Mechanism of ethylene oxychlorination on RuO2 and CeO2
The manufacture of polyvinyl chloride (PVC) relies on the production of vinyl chloride (VCM) via a two-step process comprising ethylene oxychlorination to ethylene dichloride (EDC) on intrinsically unstable cupric chloride catalysts and a subsequent energy-intensive thermal cracking. Recently, we demonstrated that certain oxides or oxychlorides (e.g., CeO2) could serve as stable bifunctional catalysts, performing the two reactions in a single step and attaining VCM in up to 25% yield.1,2 To gain deeper understanding of the oxychlorination mechanism, we investigate the complex reaction network by density functional theory (DFT), kinetic testing, and advanced characterization.
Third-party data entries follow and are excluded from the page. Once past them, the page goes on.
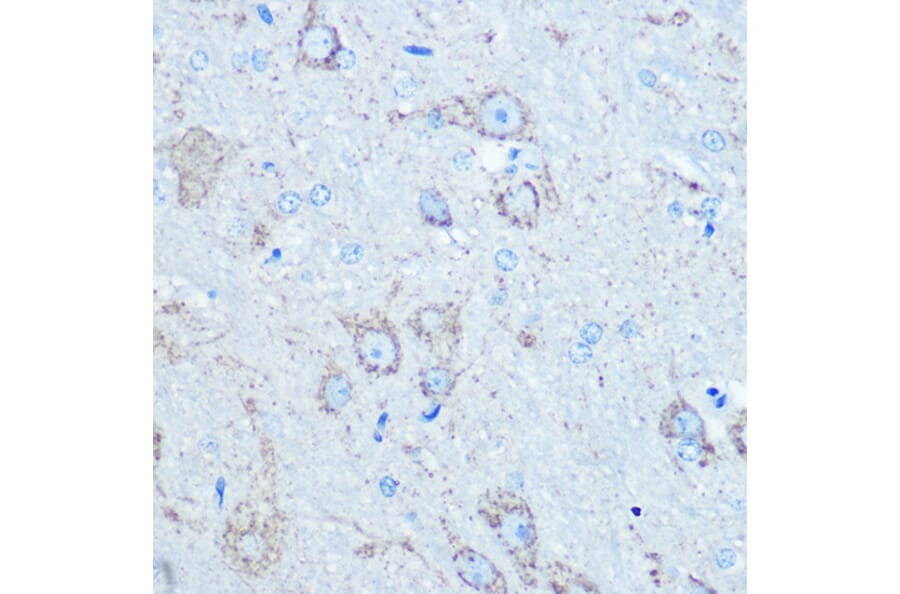 Immunohistochemistry - Anti-LC3B Antibody (A80400) - Antibodies.com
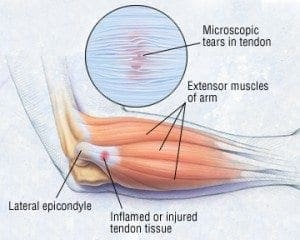 Tennis Elbow or Lateral Epicondylitis | Chiro Health & Rehab Centre, Concord West, Sydney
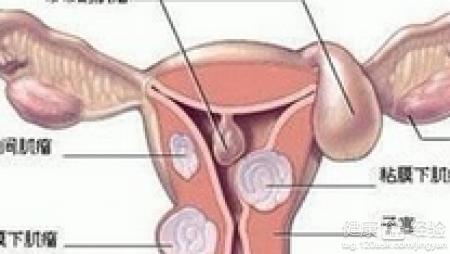 子宫肌瘤恶性是癌症吗 恶性子宫肌瘤是癌症吗 把这种虫子送进子宫多年癌症治好了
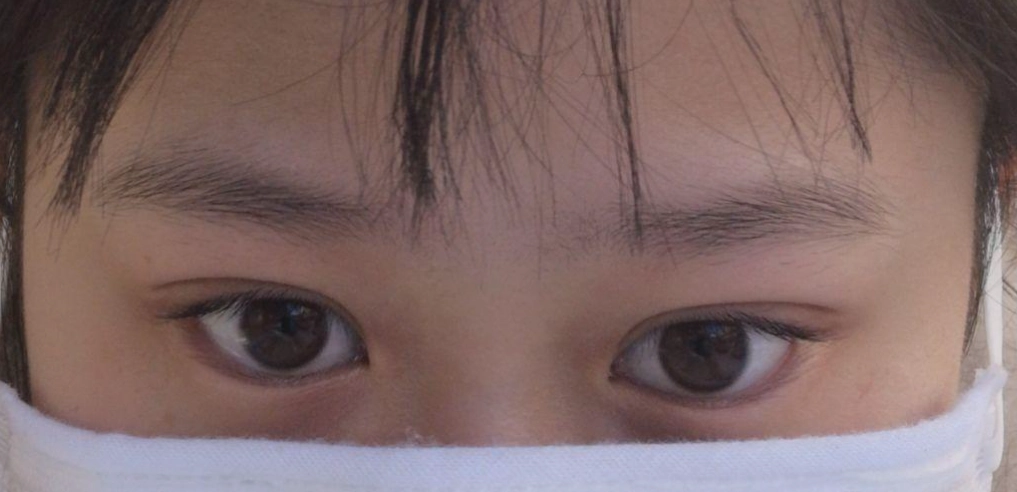 眼眶骨歪斜 眼眶骨歪斜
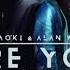 Steve Aoki Alan Walker Are You Lonely Feat ISÁK Steve Aoki Remix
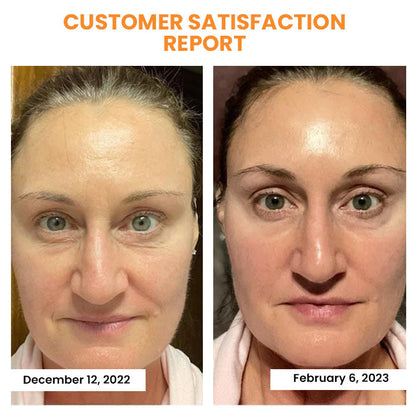 PurexaSkin™ — Reveal Firmer, Radiant Skin That Feels Youthfully Plump Every Day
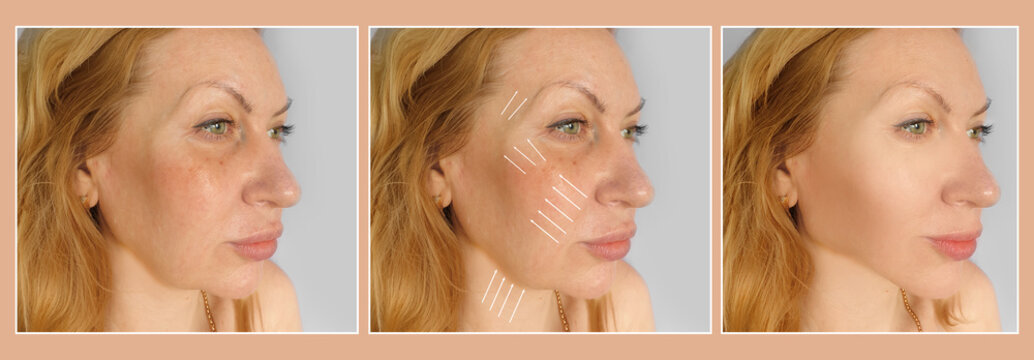 woman face wrinkles before and after treatment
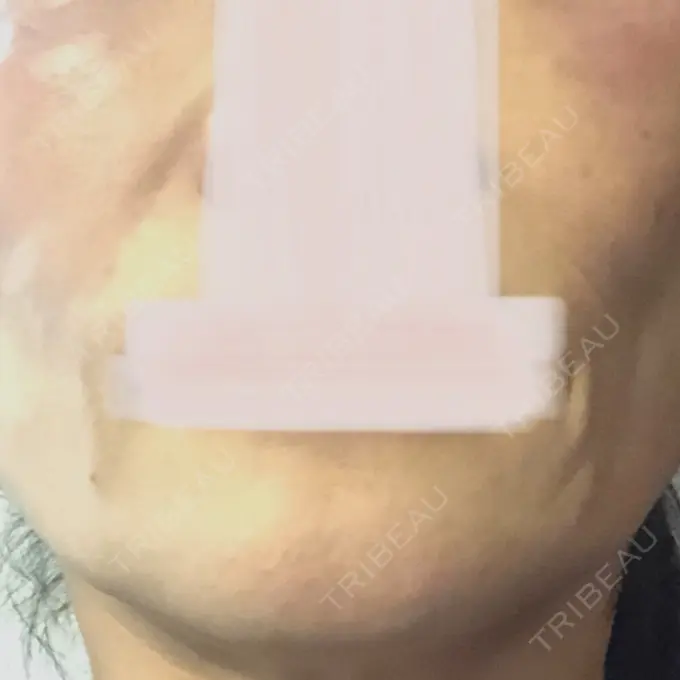 プラセンタ注射 美容皮膚科エルムクリニック 麻布院 BEFORE メイン用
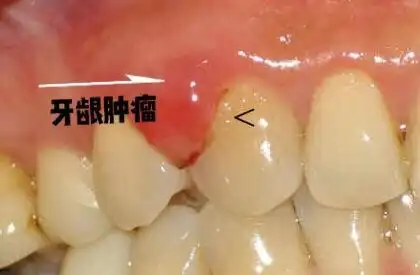 牙龈瘤微创摘除3例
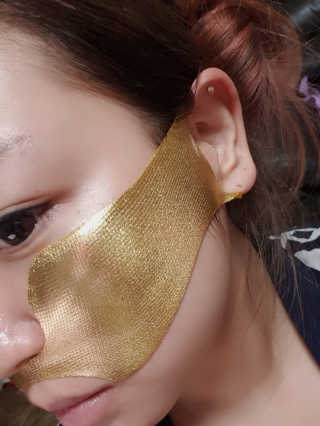 [스케덤] 상악밴드 — 5점을 준 리뷰어가 2019년 6월 올린 사용 사진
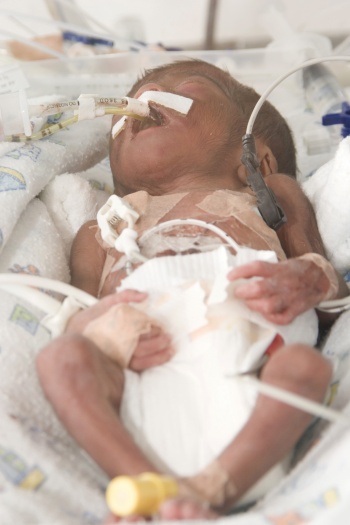 Low-tech developments, like our understanding of  hypothermia have also been critical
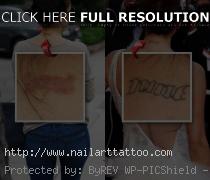 brody jenner tattoo removal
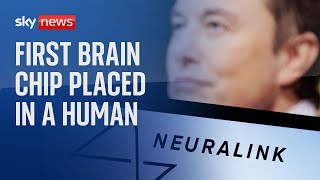 Elon Musk's Neuralink company implants brain chip in human for first time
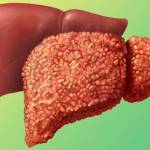 Противовирусные препараты при гепатите C: отзывы о терапии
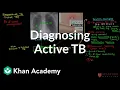 Diagnosing active TB Infectious diseases NCLEX-RN Khan Academy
In a first step, decoupling the complexity of the reaction network and CeO2, DFT calculations were conducted on the simpler RuO2, revealing the thermodynamic and kinetic control of oxidation and chlorination processes, respectively. Furthermore, the degree of chlorine coverage emerged as a key factor governing the selectivity, as it confines or destabilizes intermediates and determines the ability of the surface to abstract H atoms. This enabled simplification of the reaction network (Figure 1) for its investigation on a CeO2 {111} surface in a second step. Preliminary results suggest that an ideal CeO2 surface is unable to catalyze oxychlorination as the barriers for all important chlorination and dehydrogenation steps are 1.7 eV and higher. The introduction of defects, i.e., by replacing a surface O by a Cl atom which can react and form a vacancy, leads to at least 0.5 eV decreased barriers for most chlorination reactions. Inspired by these results, we are developing a microkinetic model and experimentally assessing the impact of vacancies formed by controlled reduction of CeO2 on its oxychlorination performance. Previously, acidity was shown to be strongly related to VCM selectivity,1,2 but the exact nature of the sites remained unknown. DFT indicates that ceria acts as a Brønsted and Lewis acid/base pair, encouraging the investigation of the acid sites by solid-state NMR spectroscopy after adsorption of the probe molecule trimethylphospine. The combination of these results will reveal the detailed mechanism of ethylene oxychlorination on oxide-based catalysts and guide the development of more selective VCM catalysts.
Figure 1 Simplified reaction network of ethylene oxychlorination, excluding oxidation steps which can start at any node.
[1] M. Scharfe, P. A. Lira-Parada, V. Paunović, M. Moser, A. P. Amrute, J. Pérez-Ramírez, Angew. Chem. Int. Ed. 2016, 55, 3068.
[2] M. Scharfe, P.A. Lira-Parada, A. P. Amrute, S. Mitchell, J. Pérez-Ramírez, J. Catal. 2016, 344, 524.